If you have any questions, please contact the Committee.
    Thank you for your testimony before our Committee, as well as for 
your prompt response to the points raised in this letter.
            Sincerely,
                                             George Miller,
                                                          Chairman.
                                             Jason Altmire,
                                                Member of Congress.
                                 ______
                                 
                  Committee on Education and Labor,
                             U.S. House of Representatives,
                                       Washington, DC, May 8, 2008.
[VIA FACSIMILE]
Hon. Leon R. Sequeira, Assistant Secretary for Policy,
U.S. Department of Labor, 200 Constitution Avenue, N.W., Washington, 
        DC.
    Dear Assistant Secretary Sequeira: Thank you for testifying at the 
May 6, 2008, Full Committee hearing on ``Do Federal Programs Ensure 
U.S. Workers Are Recruited First Before Employers Hire From Abroad?''
    Congressman Ruben Hinojosa has submitted the following questions 
for a response from you for the hearing record:
    1. The Department's proposed rules for the H2A program seem to 
place the convenience and ease of use for employers above the interests 
of the workers--both domestic and foreign. Please explain how allowing 
employers to provide housing vouchers rather than requiring them to 
arrange for and provide adequate housing will result in workers 
actually having an adequate place to live during their period of 
employment in the United States? What steps has the Department been 
taking to enforce the current regulation? How would enforcement be 
different under the proposed regulation?
    2. The Department's proposed regulations would further reduce 
government oversight of H2-A applications. Given the long and continued 
history of abuse in this program, what is the rationale for less 
oversight?
    Please send your written response to the Committee staff at by COB 
on Tuesday, May 20, 2008--the date on which the hearing record will 
close. If you have any questions, please contact the Committee. Once 
again, we greatly appreciate your testimony at this hearing.
            Sincerely,
                                             George Miller,
                                                          Chairman.
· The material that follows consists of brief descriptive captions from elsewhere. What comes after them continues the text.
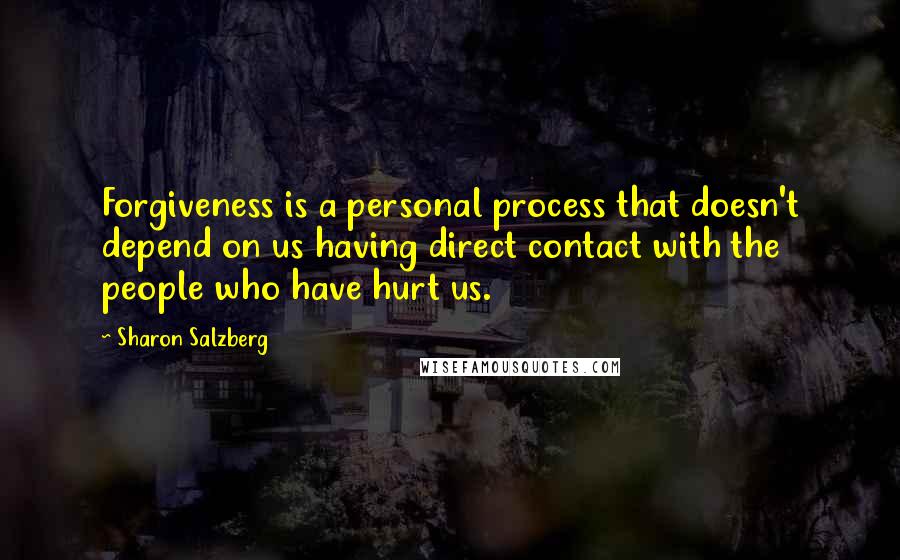 Sharon Salzberg Quotes: Forgiveness is a personal process that doesn't depend on us having direct contact with the people who have hurt us.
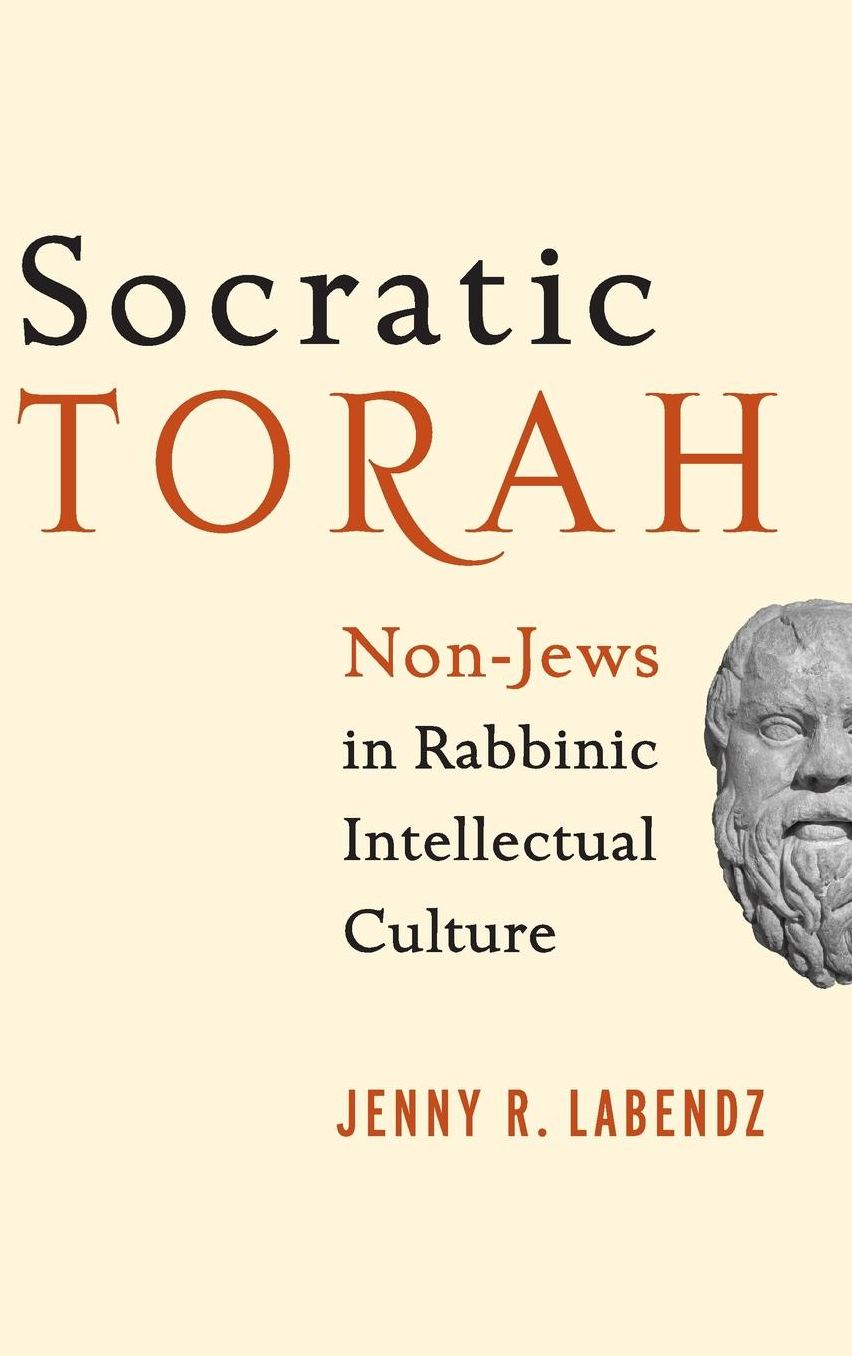 Socratic Torah: Non-Jews in Rabbinic Intellectual Culture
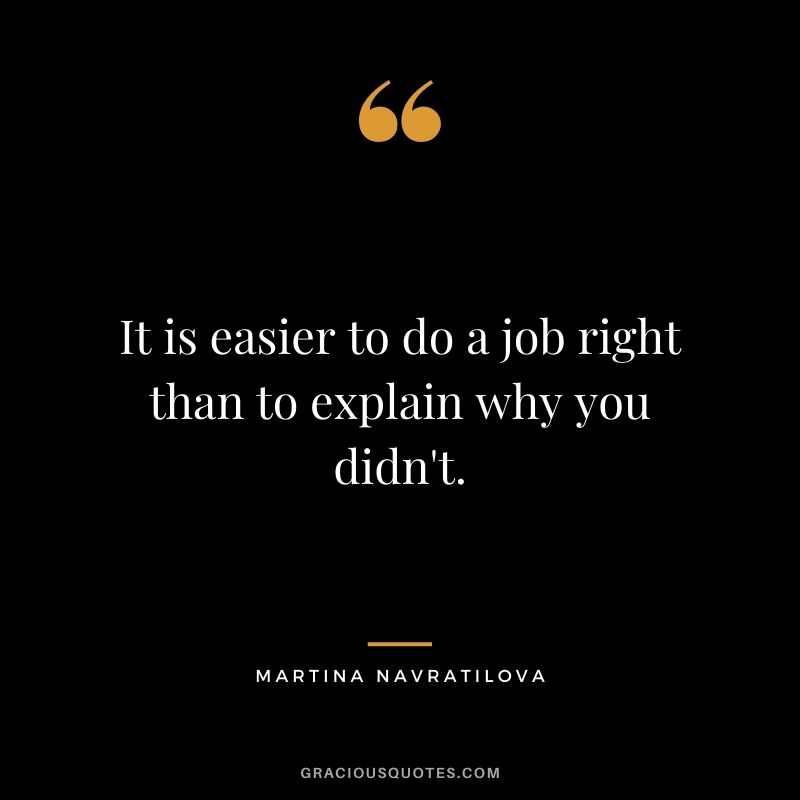 It is easier to do a job right than to explain why you didn't.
                                 ______
                                 
                                 
                                 
                                 
                                 
                                 
                                 
                                 
                                 
                                 
                                 
                                 
                                 
                                 
                                 
                                 
                                 
                                 
                                 
                                 
                                 
                                ------                                

    [Whereupon, at 1:00 p.m., the committee was adjourned.]